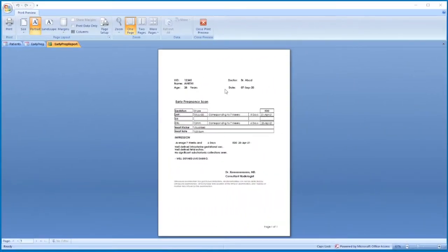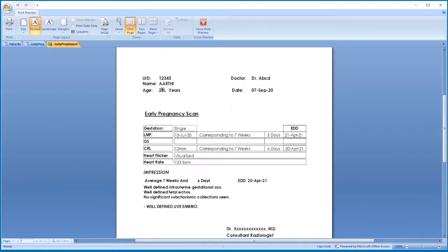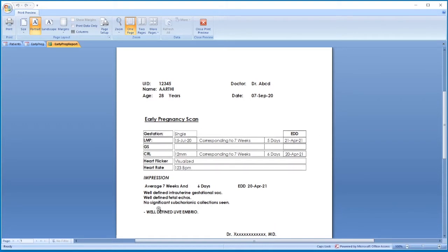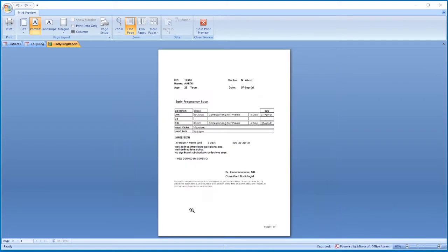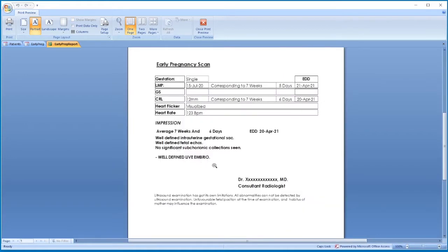Then print it. This is the printout. The patient details are shown here, and the LMP with corresponding weeks and days, CRL with corresponding weeks and days are automatically calculated, and the template is shown here.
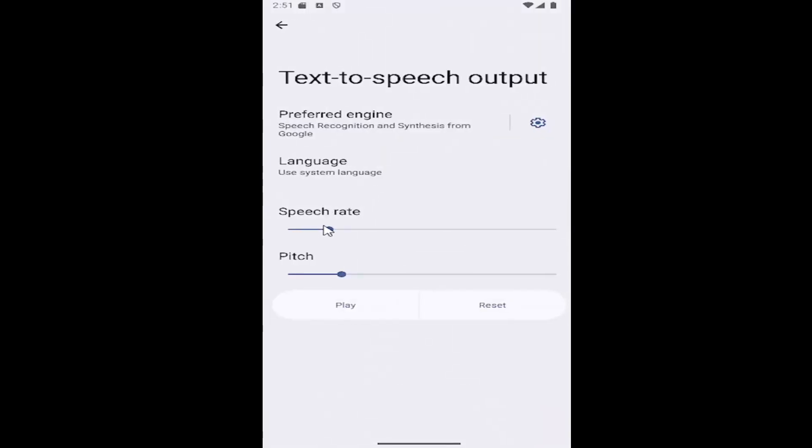And then you can adjust the speech rate as well as the pitch right through here. And you can click the Play button to hear a little sample to see if you like the speech rate and the pitch before saving.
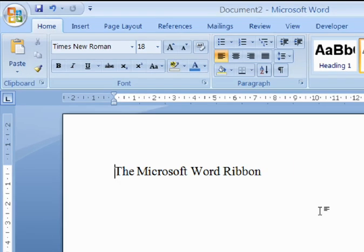The Ribbon is the most important aspect of the Microsoft Word interface. It contains the vast majority of the commands that the program has to offer. These commands are arranged in a series of tabs.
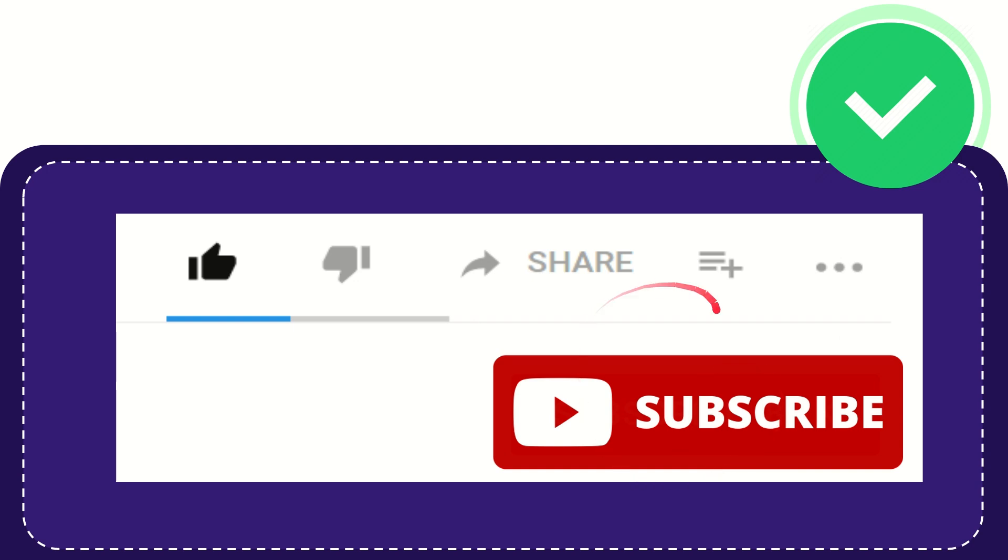I think that's all of it. Thank you so much for watching this video, and see you again in another video. Bye bye, see you again.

----

DIRECTIONS FOR THIS TASK:
Go through the material above and retype every line exactly, without the images.

WRITTEN RESPONSE:
Then print it. This is the printout. The patient details are shown here, and the LMP with corresponding weeks and days, CRL with corresponding weeks and days are automatically calculated, and the template is shown here.
And then you can adjust the speech rate as well as the pitch right through here. And you can click the Play button to hear a little sample to see if you like the speech rate and the pitch before saving.
The Ribbon is the most important aspect of the Microsoft Word interface. It contains the vast majority of the commands that the program has to offer. These commands are arranged in a series of tabs.
I think that's all of it. Thank you so much for watching this video, and see you again in another video. Bye bye, see you again.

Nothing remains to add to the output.